Richard Bland: Champions Tour exemption would have stopped LIV Golf move
The 49-year-old Englishman, who lost out to Norwegian Viktor Hovland in a play-off in the Rolex Series event at Emirates Golf Club 12 months ago, is sharing the lead with Belgian Thomas Pieters and American amateur Michael Thorbjornsen on ten-under-par at the halfway stage in its 34th edition.
In an event set to spill over to Monday after flooding led to around ten hours of play being lost on Thursday and Friday, both Bland and Ian Poulter, who sits on eight-under, are in the mix at the halfway stage in what could be their final DP World Tour for some time.
“No,” insisted Bland to being asked if he was out to prove a point by landing a big win just ahead of an arbitration case involving the DP World Tour and a group of 13 LIV Golf players. “I'm not trying to kind of get one over on the guys that are out here. I've got a lot of good friends out here, and a lot of them have shown support.

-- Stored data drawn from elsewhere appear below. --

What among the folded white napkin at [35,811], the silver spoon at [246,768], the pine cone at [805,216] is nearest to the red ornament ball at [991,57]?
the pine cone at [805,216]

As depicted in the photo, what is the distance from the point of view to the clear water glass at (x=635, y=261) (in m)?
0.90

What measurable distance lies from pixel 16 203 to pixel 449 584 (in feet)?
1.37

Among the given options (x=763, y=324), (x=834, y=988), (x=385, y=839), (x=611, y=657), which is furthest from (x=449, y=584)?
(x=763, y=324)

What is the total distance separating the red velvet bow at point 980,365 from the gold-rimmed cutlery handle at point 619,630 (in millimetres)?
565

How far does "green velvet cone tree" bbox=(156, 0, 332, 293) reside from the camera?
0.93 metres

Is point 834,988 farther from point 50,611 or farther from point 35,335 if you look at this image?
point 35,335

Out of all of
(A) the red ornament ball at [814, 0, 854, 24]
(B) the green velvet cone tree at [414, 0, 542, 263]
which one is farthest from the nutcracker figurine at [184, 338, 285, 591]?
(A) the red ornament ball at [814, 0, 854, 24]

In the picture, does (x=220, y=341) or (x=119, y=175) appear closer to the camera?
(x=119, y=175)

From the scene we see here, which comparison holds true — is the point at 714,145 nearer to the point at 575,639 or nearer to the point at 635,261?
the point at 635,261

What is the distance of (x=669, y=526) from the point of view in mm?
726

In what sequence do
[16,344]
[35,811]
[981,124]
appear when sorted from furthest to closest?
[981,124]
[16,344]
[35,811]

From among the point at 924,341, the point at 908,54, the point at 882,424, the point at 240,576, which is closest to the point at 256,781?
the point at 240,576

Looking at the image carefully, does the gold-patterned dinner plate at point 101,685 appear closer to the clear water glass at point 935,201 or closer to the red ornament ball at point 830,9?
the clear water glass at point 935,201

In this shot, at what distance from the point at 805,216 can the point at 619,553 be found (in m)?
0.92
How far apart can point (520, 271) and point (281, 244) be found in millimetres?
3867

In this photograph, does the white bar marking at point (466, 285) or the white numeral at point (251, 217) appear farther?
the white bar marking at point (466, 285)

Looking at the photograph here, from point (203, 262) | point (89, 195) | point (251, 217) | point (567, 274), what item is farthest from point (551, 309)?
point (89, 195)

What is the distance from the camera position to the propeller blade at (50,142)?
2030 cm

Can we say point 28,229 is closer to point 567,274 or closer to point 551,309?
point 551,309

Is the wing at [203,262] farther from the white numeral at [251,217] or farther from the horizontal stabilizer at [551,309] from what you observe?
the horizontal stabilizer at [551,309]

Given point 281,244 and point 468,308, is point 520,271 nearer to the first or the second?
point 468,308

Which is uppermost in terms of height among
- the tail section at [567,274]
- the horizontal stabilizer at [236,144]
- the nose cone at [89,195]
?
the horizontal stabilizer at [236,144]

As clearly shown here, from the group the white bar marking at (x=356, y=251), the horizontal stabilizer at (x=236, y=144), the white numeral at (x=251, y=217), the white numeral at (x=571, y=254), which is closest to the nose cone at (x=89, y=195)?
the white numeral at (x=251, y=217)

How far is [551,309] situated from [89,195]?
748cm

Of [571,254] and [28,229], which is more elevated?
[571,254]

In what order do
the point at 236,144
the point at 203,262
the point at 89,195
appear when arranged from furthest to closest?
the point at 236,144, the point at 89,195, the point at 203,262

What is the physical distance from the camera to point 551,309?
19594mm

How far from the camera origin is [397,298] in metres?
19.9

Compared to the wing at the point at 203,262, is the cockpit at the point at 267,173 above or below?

“So, no, I'm just here to do the best I can and hopefully give myself a chance to go one better than I did last year. I'm not out here to try and make any enemies or anything like that with any comments that I make or whatever.”

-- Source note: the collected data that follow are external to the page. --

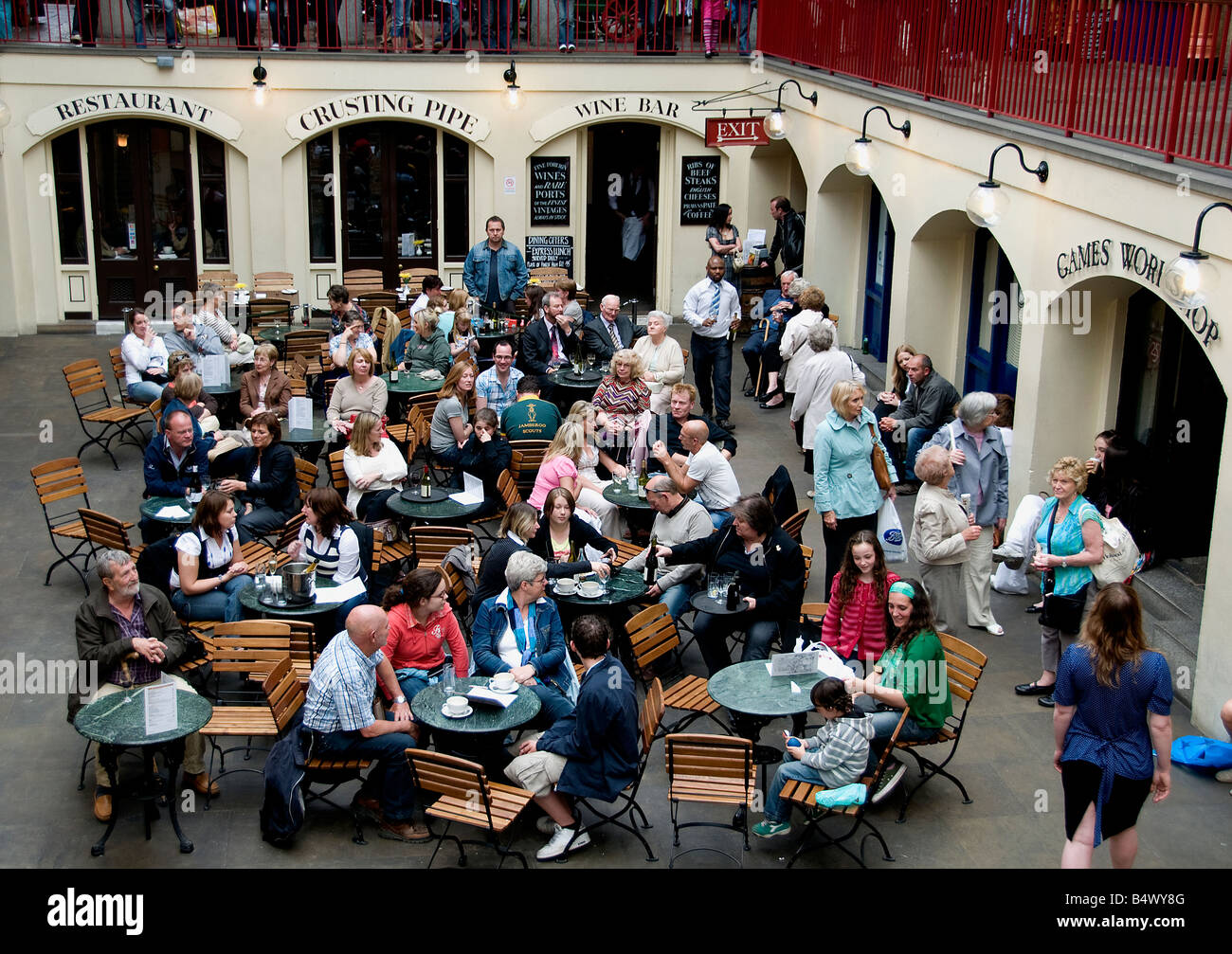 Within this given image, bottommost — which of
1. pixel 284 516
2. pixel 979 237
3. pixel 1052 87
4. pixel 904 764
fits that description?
pixel 904 764

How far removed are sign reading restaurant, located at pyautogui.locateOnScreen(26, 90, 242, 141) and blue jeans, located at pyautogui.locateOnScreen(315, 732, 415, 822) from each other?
1351cm

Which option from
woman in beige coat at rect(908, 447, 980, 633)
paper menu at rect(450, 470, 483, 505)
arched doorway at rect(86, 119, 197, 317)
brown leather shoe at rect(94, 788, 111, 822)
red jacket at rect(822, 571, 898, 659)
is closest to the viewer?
brown leather shoe at rect(94, 788, 111, 822)

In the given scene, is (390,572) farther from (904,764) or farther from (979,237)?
(979,237)

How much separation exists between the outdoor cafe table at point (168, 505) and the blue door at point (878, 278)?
924 centimetres

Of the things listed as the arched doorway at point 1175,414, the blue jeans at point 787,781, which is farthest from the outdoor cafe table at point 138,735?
the arched doorway at point 1175,414

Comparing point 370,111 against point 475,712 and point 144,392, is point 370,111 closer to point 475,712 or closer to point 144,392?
point 144,392

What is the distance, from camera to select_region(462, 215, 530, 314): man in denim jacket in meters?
16.5

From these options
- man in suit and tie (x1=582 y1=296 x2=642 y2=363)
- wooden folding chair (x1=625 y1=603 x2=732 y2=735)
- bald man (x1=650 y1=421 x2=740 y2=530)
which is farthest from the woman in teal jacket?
man in suit and tie (x1=582 y1=296 x2=642 y2=363)

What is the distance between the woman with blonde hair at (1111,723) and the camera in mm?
6660

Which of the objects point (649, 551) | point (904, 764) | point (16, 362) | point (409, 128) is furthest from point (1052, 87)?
point (16, 362)

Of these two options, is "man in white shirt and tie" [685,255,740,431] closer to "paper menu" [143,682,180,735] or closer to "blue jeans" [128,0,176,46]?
"paper menu" [143,682,180,735]

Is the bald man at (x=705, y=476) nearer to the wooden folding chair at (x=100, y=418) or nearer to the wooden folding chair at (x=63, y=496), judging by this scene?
the wooden folding chair at (x=63, y=496)

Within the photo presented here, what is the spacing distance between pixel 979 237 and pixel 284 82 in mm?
10072

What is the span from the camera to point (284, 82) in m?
19.1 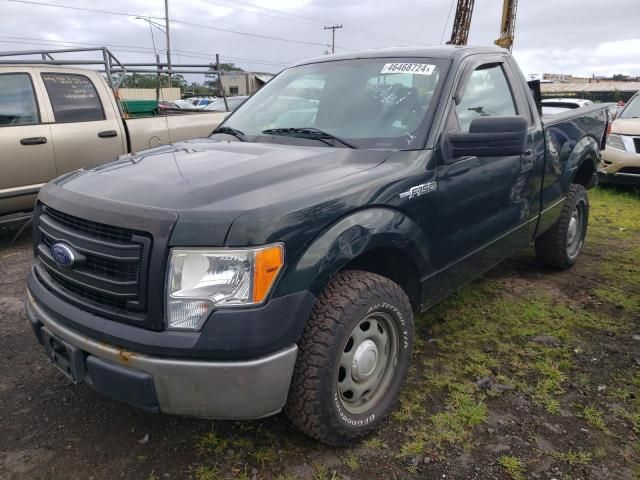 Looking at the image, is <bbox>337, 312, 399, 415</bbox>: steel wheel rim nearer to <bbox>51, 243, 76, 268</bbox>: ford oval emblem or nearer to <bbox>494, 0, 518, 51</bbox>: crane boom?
<bbox>51, 243, 76, 268</bbox>: ford oval emblem

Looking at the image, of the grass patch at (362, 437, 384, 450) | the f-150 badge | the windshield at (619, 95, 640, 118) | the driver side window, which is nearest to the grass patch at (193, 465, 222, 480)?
the grass patch at (362, 437, 384, 450)

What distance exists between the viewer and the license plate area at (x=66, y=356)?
2146 mm

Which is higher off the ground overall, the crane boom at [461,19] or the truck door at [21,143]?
the crane boom at [461,19]

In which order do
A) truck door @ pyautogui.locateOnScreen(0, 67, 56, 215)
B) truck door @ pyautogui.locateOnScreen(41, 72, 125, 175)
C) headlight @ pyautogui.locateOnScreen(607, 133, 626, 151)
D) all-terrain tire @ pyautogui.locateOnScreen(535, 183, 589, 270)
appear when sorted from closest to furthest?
1. all-terrain tire @ pyautogui.locateOnScreen(535, 183, 589, 270)
2. truck door @ pyautogui.locateOnScreen(0, 67, 56, 215)
3. truck door @ pyautogui.locateOnScreen(41, 72, 125, 175)
4. headlight @ pyautogui.locateOnScreen(607, 133, 626, 151)

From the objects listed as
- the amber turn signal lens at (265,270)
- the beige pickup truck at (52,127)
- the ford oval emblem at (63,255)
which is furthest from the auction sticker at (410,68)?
the beige pickup truck at (52,127)

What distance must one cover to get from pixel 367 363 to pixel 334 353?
1.16ft

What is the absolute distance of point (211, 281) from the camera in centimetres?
192

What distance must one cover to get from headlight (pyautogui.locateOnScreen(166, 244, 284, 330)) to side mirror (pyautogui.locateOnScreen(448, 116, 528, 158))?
52.5 inches

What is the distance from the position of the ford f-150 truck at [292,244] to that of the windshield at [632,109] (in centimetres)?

Bland was offered his chance on Greg Norman’s Saudi-backed LIV Golf circuit on the back of landing a breakthrough DP World Tour triumph at the 478th attempt in the 2021 Betfred British Masters at The Belfry.
“I think everybody understands my position at the age that I'm at and the opportunity put in front of me,” he said after carding a second successive 67 on the Majlis Course. “I don't think anyone in that position would have turned it down.
“But if I was exempt on to the Champions Tour, I probably wouldn't have taken it because that's where I sort of saw my future. But Champions Tour is the hardest tour in the world to get exempt, and sometimes you have to take the opportunity that's in front of you and that's what I did and I'm glad I did.”
While he’s fully exempt for the DP World Tour this season, only time will tell how many events he’ll get to play in. “I've got an interest in it because it can affect my future playing DP World events this year, but I will let the lawyers sort it out and see what comes,” he said of that arbitration hearing, which starts next Monday in London and will run for five days. “I have no idea which way it's going to go. I hear both sides have got good cases.”
Poulter, who is chasing a 13th DP World Tour win, eagled the 13th in his second round, having opened with a bogey-free 65 on Friday. “I've played pretty much flawless golf,” he said. “Round one, no bogeys, seven birdies, which was nice. And today, I had just as many chances. I just didn't take them. So a little bit frustrated.”